Once the line holding "PLIGREAT 60 Pcs" is found, output it and all remaining lines of the data exactly, with every picture left out.

---------- The input

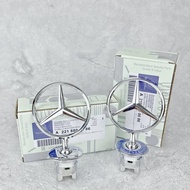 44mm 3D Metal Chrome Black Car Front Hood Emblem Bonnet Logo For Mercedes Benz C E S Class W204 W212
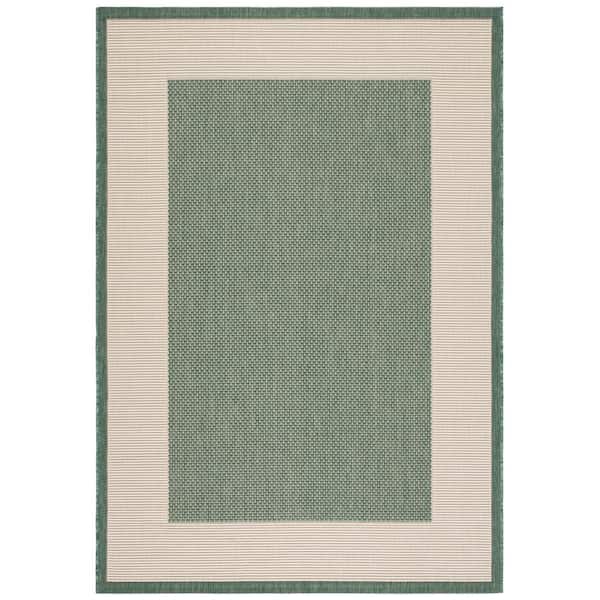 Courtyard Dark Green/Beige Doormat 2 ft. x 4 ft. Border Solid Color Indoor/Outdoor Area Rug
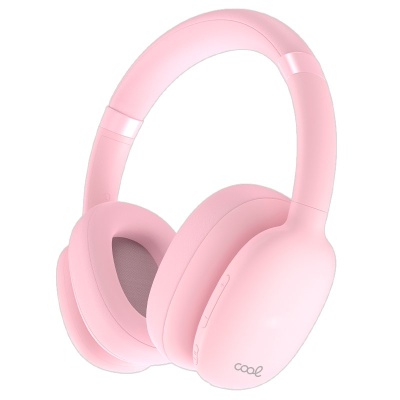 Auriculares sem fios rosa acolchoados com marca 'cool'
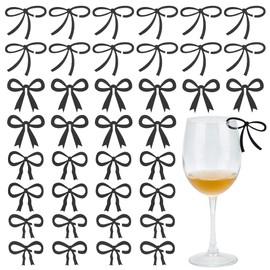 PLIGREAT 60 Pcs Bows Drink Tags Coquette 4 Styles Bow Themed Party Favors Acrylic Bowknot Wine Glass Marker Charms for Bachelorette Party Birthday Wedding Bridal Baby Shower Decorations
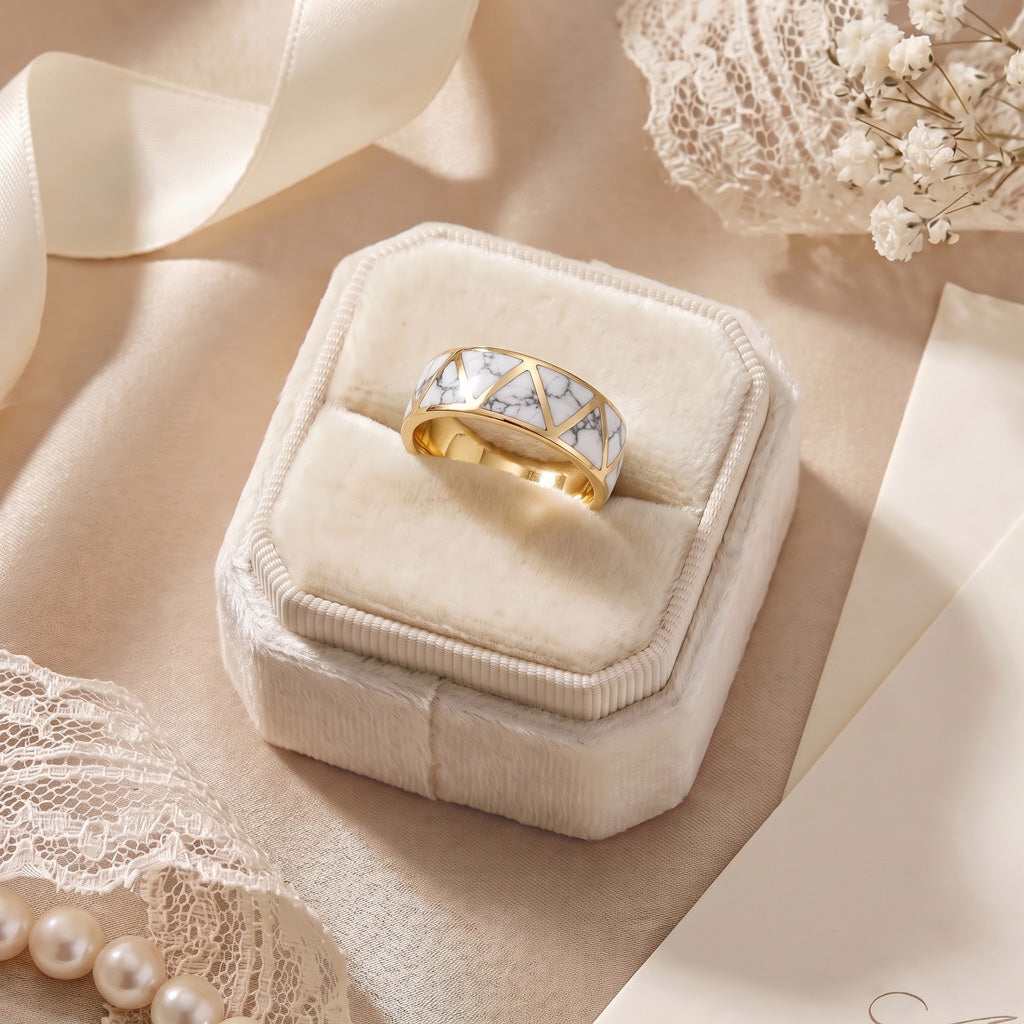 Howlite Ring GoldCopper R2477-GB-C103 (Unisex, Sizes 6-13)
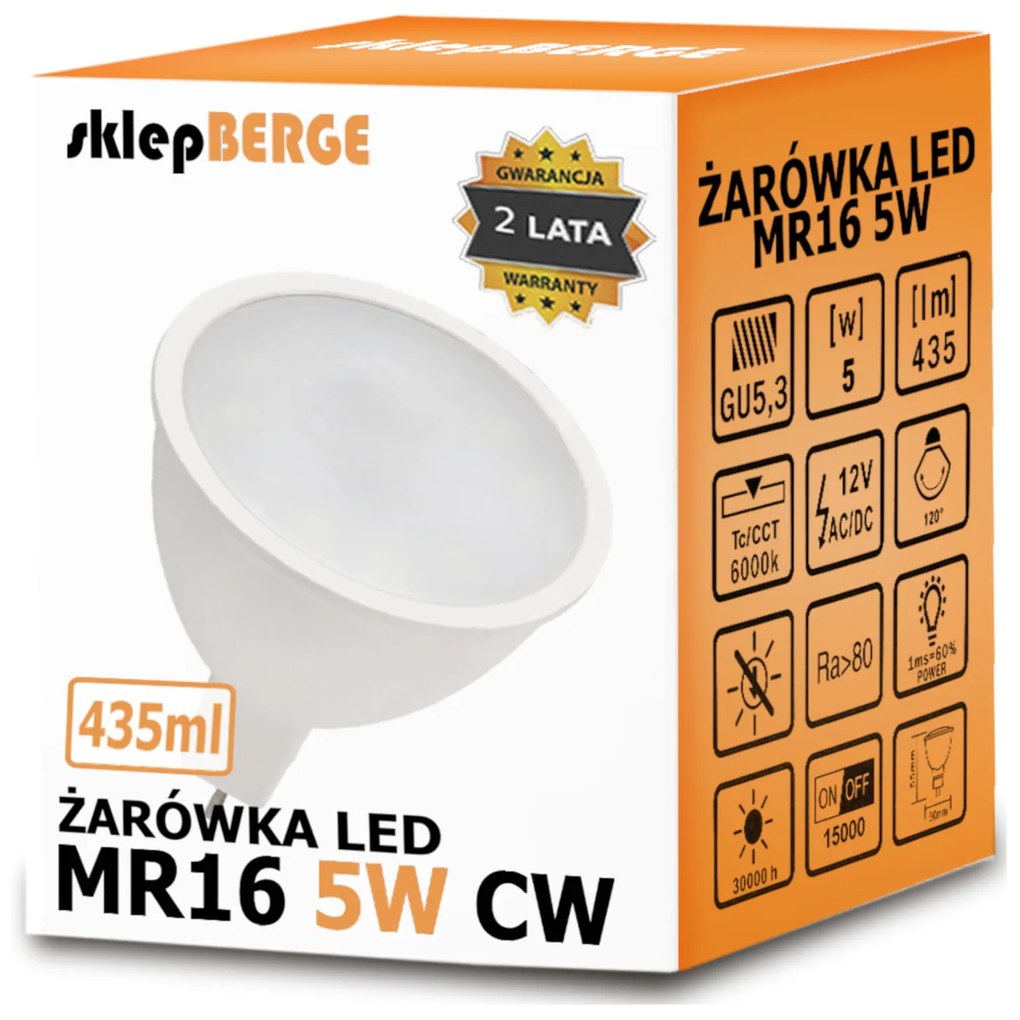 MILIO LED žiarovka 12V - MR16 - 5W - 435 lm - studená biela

--------------------

[Solution]:
 PLIGREAT 60 Pcs Bows Drink Tags Coquette 4 Styles Bow Themed Party Favors Acrylic Bowknot Wine Glass Marker Charms for Bachelorette Party Birthday Wedding Bridal Baby Shower Decorations
 Howlite Ring GoldCopper R2477-GB-C103 (Unisex, Sizes 6-13)
 MILIO LED žiarovka 12V - MR16 - 5W - 435 lm - studená biela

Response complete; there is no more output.